Vídeo de mulher xingando e fazendo ofensas racistas em praia gera revolta na web
RIO — Era um belo domingo de sol e a Praia da Reserva, no Recreio, estava cheia. A agente de viagens Sulamita Mermier, de 31 anos, planejou um dia de folga perfeito com a irmã e uma amiga. Mas, segundo ela, logo após esticar sua canga na areia, começou a ouvir palavras de teor racista, vindas de uma mulher sentada a poucos centímetros de sua barraca. No começo, Sulamita ficou na dúvida, não sabia se era o alvo dos xingamentos. Mas, quando a senhora de meia idade, loura, insistiu em dizer que “não entendia porque mulata pegava sol”, ela teve certeza de que estava sendo vítima de racismo. Ontem, por volta das 15h30m, imagens da acusada, gravadas pela câmera do celular de Sulamita e compartilhadas nas redes sociais, já tinham 2,7 milhões de visualizações. O episódio revoltou internautas e entidades que lutam contra a discriminação.
INDICADA POR INJÚRIA RACIAL
A mulher que aparece no vídeo foi identificada como Sonia Rebello Fernandez, uma pedagoga de 54 anos. Encaminhada por policiais militares para a 16ª DP (Barra), ela foi presa em flagrante no domingo e indiciada por injúria racial, com pena prevista de reclusão de um a três anos e multa. Após pagar fiança de R$ 500, a acusada foi solta e responderá em liberdade. Procurada ontem pelo GLOBO, não foi localizada.
Sulamita conta que já foi vítima de xingamentos racistas no passado, mas nunca imaginou que isso aconteceria numa praia carioca, que deveria ser um ambiente democrático.
— Eu não fiz nada. Estava com minha irmã e minha amiga, que são brancas. Ela falava, olhando para mim: “Hi, Hitler”. “Preto e mulato não são raça, são sub-raça”. “Não entendo porque preto pega sol”. “Esses cabelos duros” — disse Sulamita, acrescentando: — Ela estava com o marido, uma senhora e duas garotas. Quando começou a falar, essa senhora saiu, disse que não era racista e não concordava com as agressões verbais.
Segundo a agente de viagens, a mulher dizia que “pagava um condomínio caro” e que “suburbanos deveriam procurar outra praia”.
—Ela falava que eu só podia morar na Taquara ou em Jacarepaguá. Que eu era encardida.
Após minutos aguentando a agressão verbal, Sulamita conta que começou a gravar a cena. A amiga, chorando, ligou para a polícia. Segundo Sulamita, a confusão começou por volta de 13h30m e durou até umas 16h30m, quando a PM chegou.

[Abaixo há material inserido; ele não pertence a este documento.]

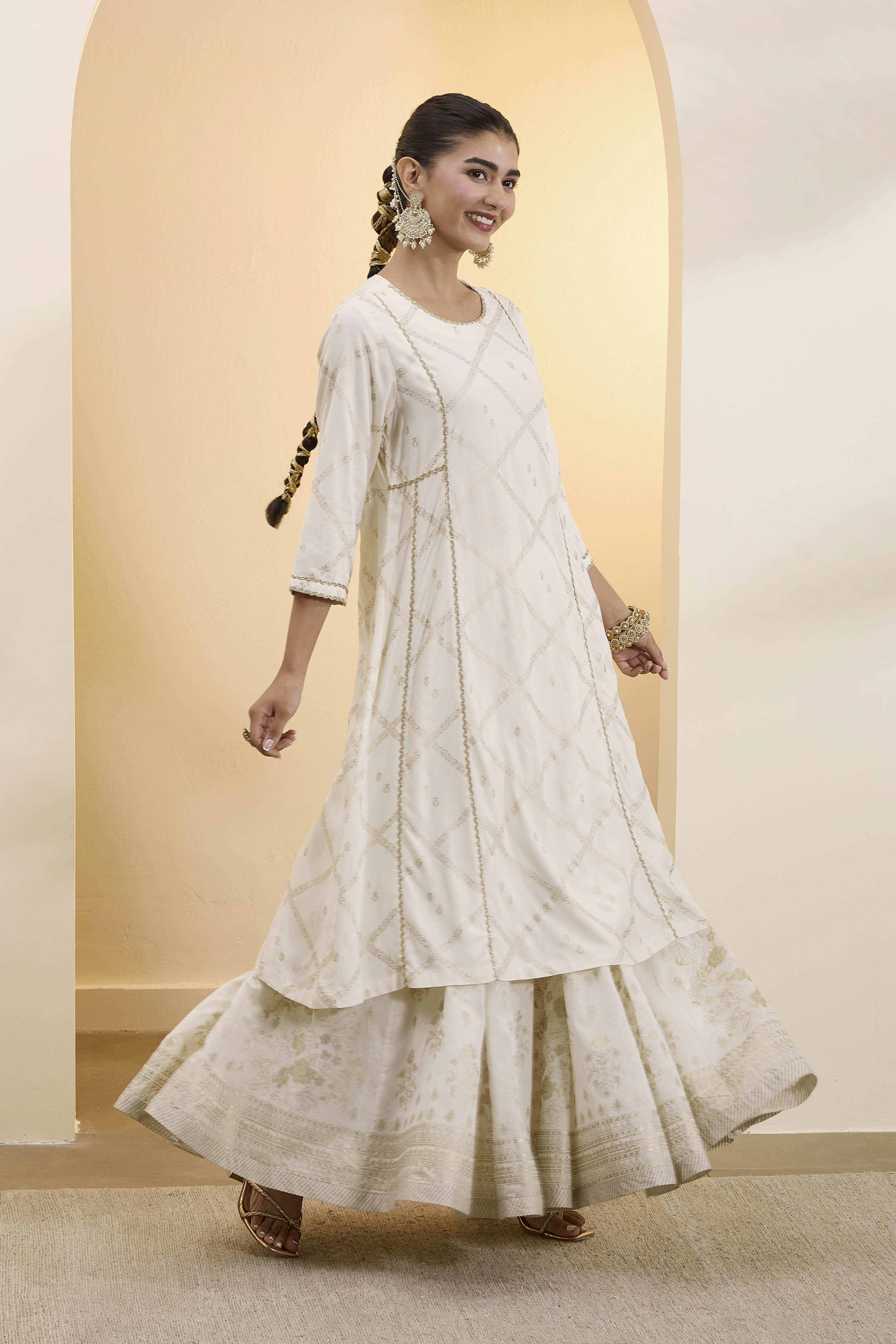 biba Off-White Viscose Rayon Straight KurtaOff-White Viscose Rayon Straight Kurta-picture-237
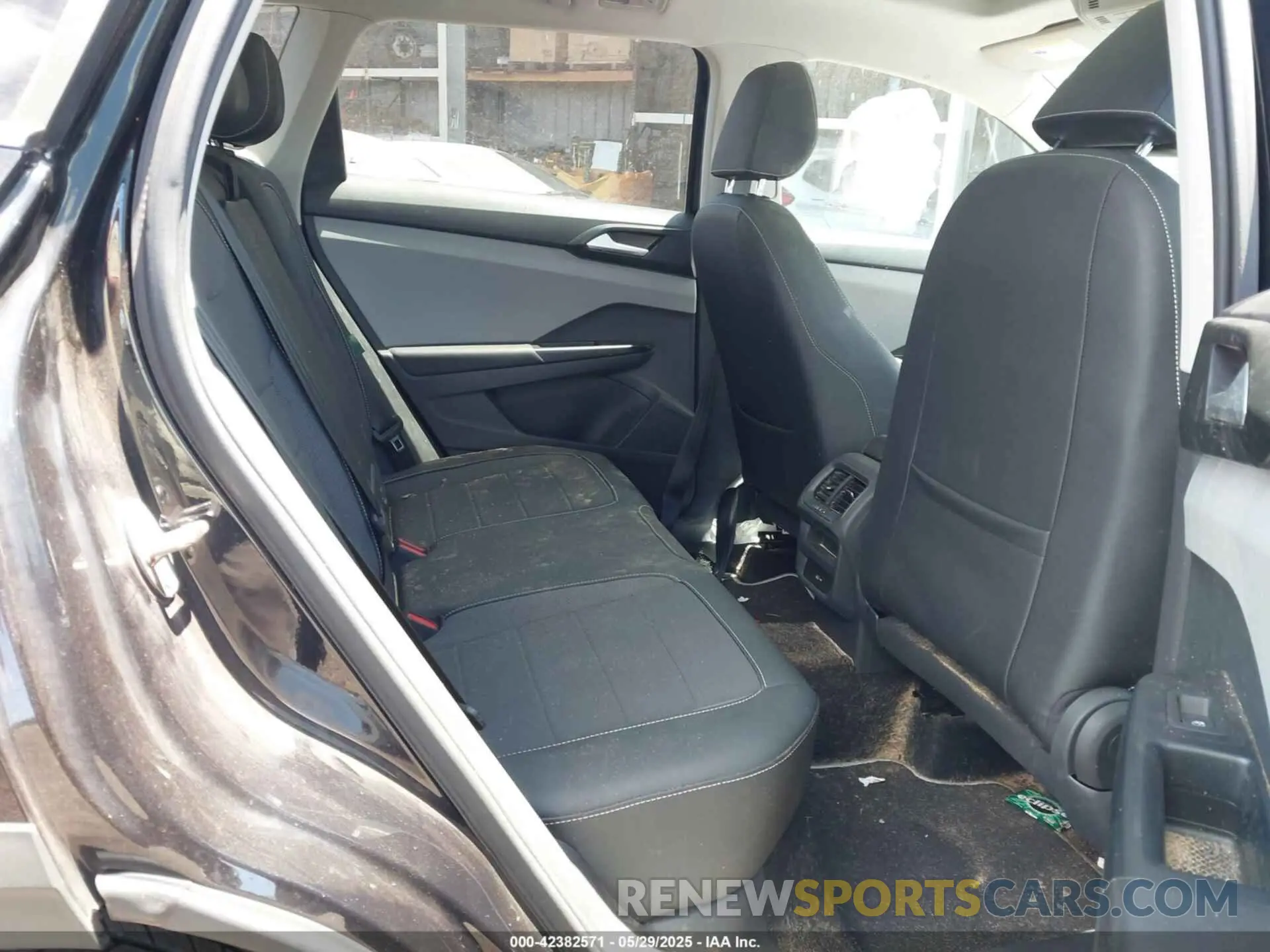 8 Фотография поврежденного автомобиля 3VVEX7B28PM373675 VOLKSWAGEN TAOS 2023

— Virou um show. Ela falou: pode gravar mesmo, tenho dinheiro e isso não vai dar em nada.
O vídeo foi compartilhado nas redes sociais por um amigo da vítima. Num dos trechos, Sonia diz: “Sorry, você é mulata. Você é uma complexada, por ter cabelo duro”. Ela também desafia a vítima: “Grava essa m. A gente vai para a delegacia e tu vai pagar mico. Porque eu não sei quem você é, eu sei quem eu sou. Você eu nunca vi”.
Sulamita não esquece as palavras da mulher:
— Era um ódio gratuito. Ela estava incomodada só porque sou mulata. Não tenho vergonha do que sou. Vou levar o caso até o fim.
“CHOCADA E INDIGNADA
Para a ativista do movimento de mulheres negras, Jurema Werneck, integrante da ONG Criola, o caso revela uma realidade terrível, que antes das redes sociais, era conhecido só pelas vítimas:
— Muita gente ficou chocada e indignada. Mas ainda precisamos melhorar a forma como a polícia age: quando chega à delegacia, apesar de todo mundo saber que foi racismo, o caso é registrado como injúria.
Presidente da Comissão de Igualdade Racial da OAB-RJ e Coordenador Nacional de Comunicação do Movimento Negro Unificado, Marcelo Dias diz que as cenas mostram uma atitude racista. Ele ficou chocado com o fato de a acusada ser pedagoga e lamentou que a maioria dos casos de crime de racismo ainda seja enquadrada como injúria, que prevê fiança baixa.
— O crime de racismo, previsto na Constituição,é inafiançável e imprescritível. Mas ninguém é preso por racismo no Brasil. Infelizmente, os crimes de ódio no país são tratados com leniência, e, depois que os legisladores criaram o artigo que prevê a injúria racial, com penas brandas e fianças baixas, todos os casos passaram a ser tratados como injúria. É preciso mudar isso — disse Dias.